While the composition features complex ostinato structures, a presto tempo, and is technically extremely demanding, Tangyuk defends its choice as curtain raiser; “We thought it important to do something new and which was written specifically for pan.” There’s also the secondary but equally valid justification that “If local performers don’t try to stretch audiences” how will they extend their listening? Another consideration was the promotion of pan as a bona fide instrument and playing a piece that has not been transcribed from another instrument (piano, violin). “Not everything works on pan,” Tangyuk bravely speculates, “it has a limited range and is a percussive instrument unlike the violin or cello.” Maybe it’s a smart move to premiere Grotesque first (leaving the audience little choice but to remain in their seats for the rest of the recital) and anyway reassurancingly, the second piece is a familiar Latin composition.

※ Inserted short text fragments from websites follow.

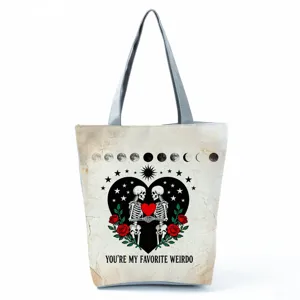 Segeltuchtasche mit Totenkopf-Druck, Vintage-Stil, große Kapazität, Schultertasche für den Alltag.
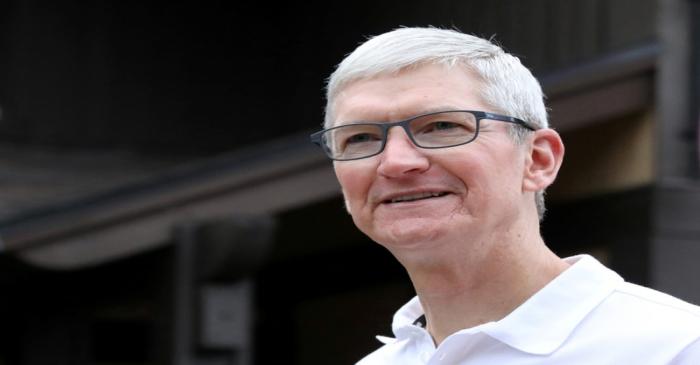 FILE PHOTO: Tim Cook, CEO of Apple, attends the annual Allen and Co. Sun Valley media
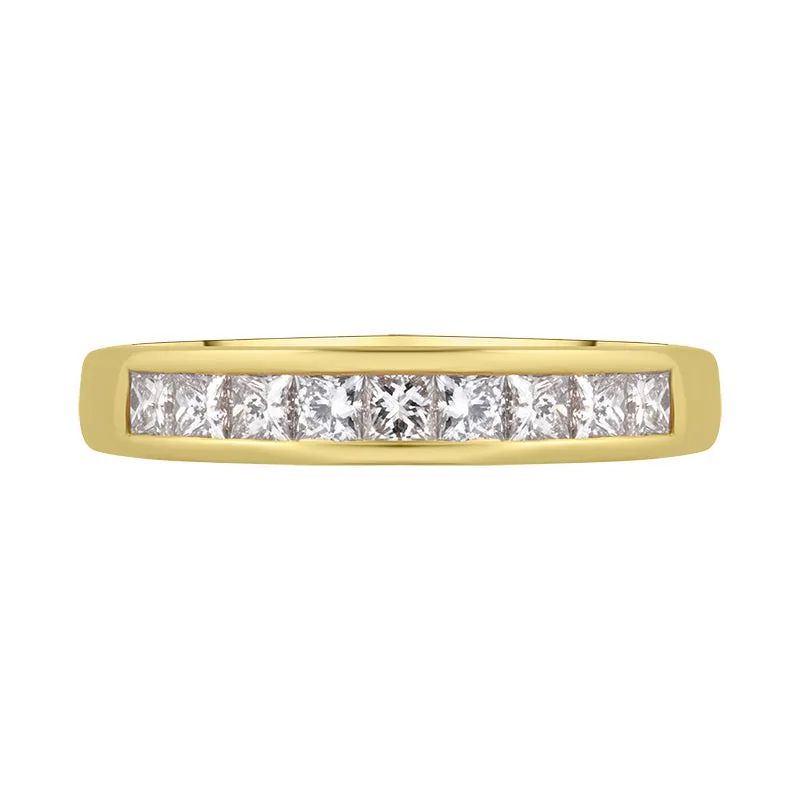 18ct Yellow Gold Diamond Princess Cut Nine Stone Half Eternity Ring sold by Jura Watches product image thumbnail 2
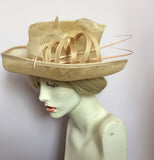 Snoxell Gwyther English Milinery Natural & Cream Formal Hat - Whispers Dress Agency - Womens Formal Hats & Fascinators - 2
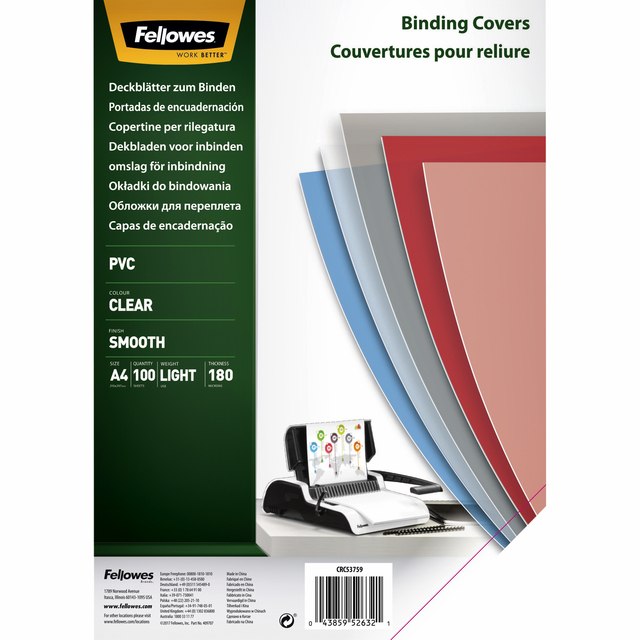 Voorblad Fellowes A4 PVC 180micron 100 stuks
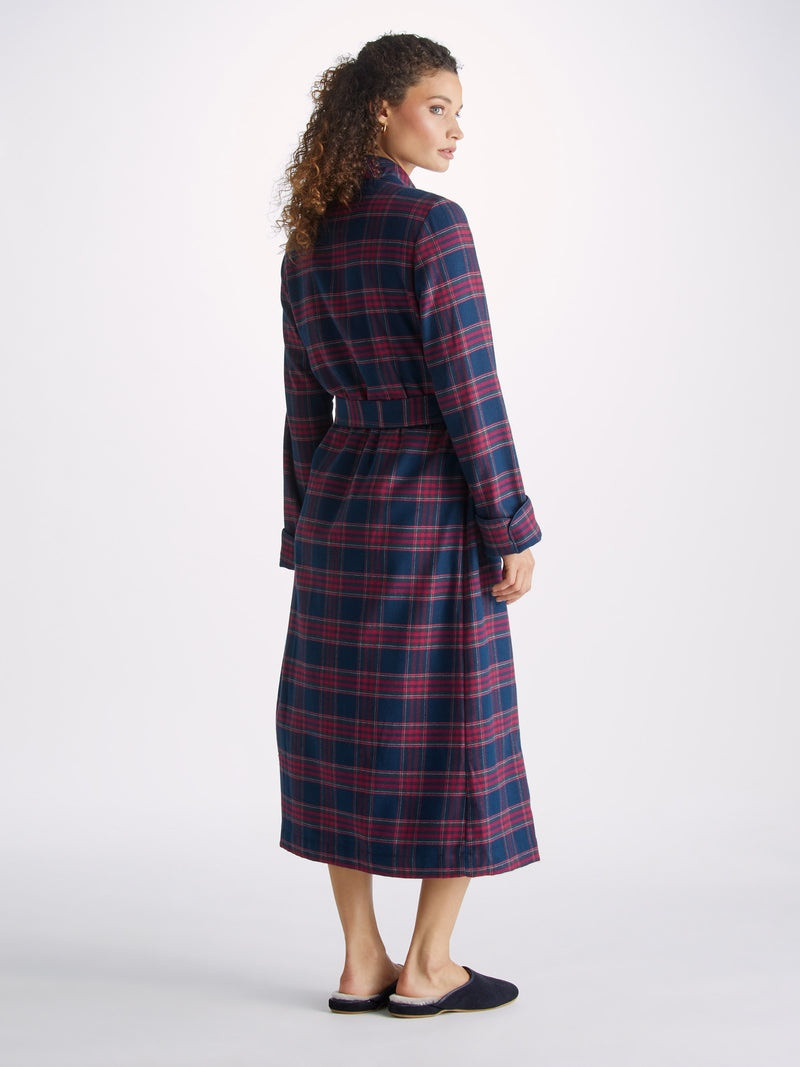 Women's Long Robe Kelburn 36 Brushed Cotton Multi 4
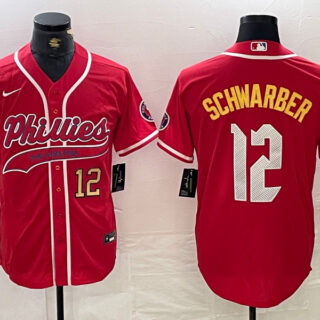 Men's Philadelphia Phillies #12 Kyle Schwarber Red 2024 City Connect Limited Stitched Jerseys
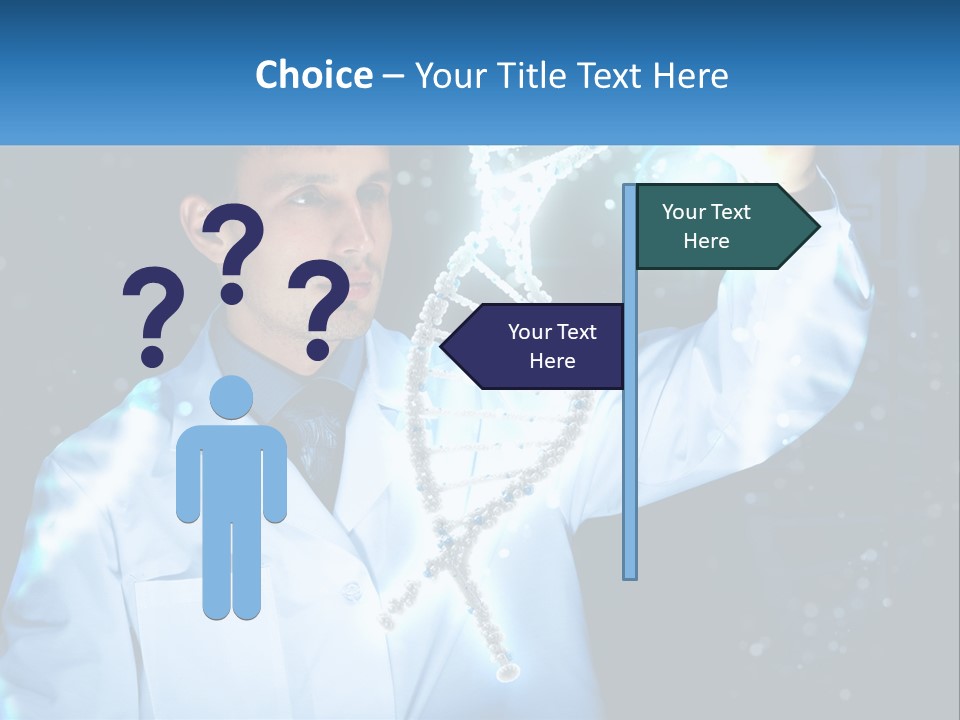 A Man In A Lab Coat Holding Up A Sign PowerPoint Template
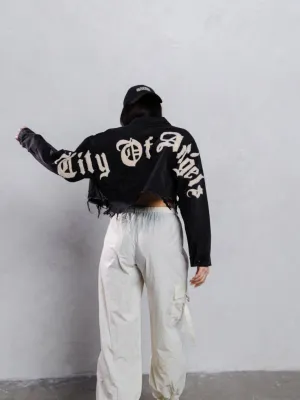 CITY OF ANGEL Cream font Crop Denim Jacket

The balance of the programme (four solos per performer and four duets) includes two Teague compositions (the recent A Visit to Hell and Raindrops, a teenage prodigy composition) the Winter movement of Vivaldi’s Four Seasons; a Schubert serenade; the First Movement of Bach’s Violin Concerto in A Minor; pieces by Debussy and Chopin and a couple of Fritz Kreisler’s Viennese Melodies. Tangyuk regrets not being able to play “some more Romantic stuff” but argues that that the Romantic idiom doesn’t transcribe well to pan, unlike the Baroque.
Tangyuk brings a lifetime’s learning and teaching experience to the stage. Inspired as a St Mary’s student by choir director Lindyann Bodden-Rich, he studied piano privately, before going on to Mannes College of Music, a small New York conservatory for a degree in Choral Conducting and then to the world’s largest music school at Indiana University, for his doctorate. 15 years as Director of Choral Conducting at Princeton prepared him for the position of conductor at The Princeton Fest, an annual New Jersey arts festival featuring musicals and opera.
Locally, he’s long been active as a judge in the Schools’ Music Festival, which is how he originally met Teague in the early 1990s, who was then a violinist in the National Youth Orchestra. Looking back over 20 years of the schools’ festival (which he competed in as a young pianist) he notes a great improvement in instrumental playing, especially in pan.
Besides commending the pan programme in schools, he also singled out the work done by the Holistic School of Music, which covers all music genres but bemoaned the lack of choral programmes for schools in Trinidad, other than at Bishop Anstey and St Joseph’s Convent. Insistent that music education is in itself holistic ( developing self-discipline, dedication, teamwork and a sense of achievement—all invaluable life skills) he cites the example of Anna Marie Brimacombe in Tobago, who has run a training programme for teachers (from any discipline) in choral direction. The fruits of this one-woman project were apparent at this year’s schools’ festival, where Tobago choirs swept the board.
The Tangyuk/Teague recital, a tightrope organisational challenge, will donate part of its proceeds to two charities: The Guardian’s Neediest Cases Fund and the T&T Music Literacy Trust, which aids young pannists and steelbands; runs workshops and an after-school programme for children in underserved communities, as well as providing scholarships for the young and gifted. As Tangyuk says: “I just hope people will come out.” If you do, you’ll not only be extending your own musical range but directly contributing to a creative and peaceful new generation.
Although he lives in the US, Richard Tangyuk returns home from time to time to contribute to the development of the local classical scene.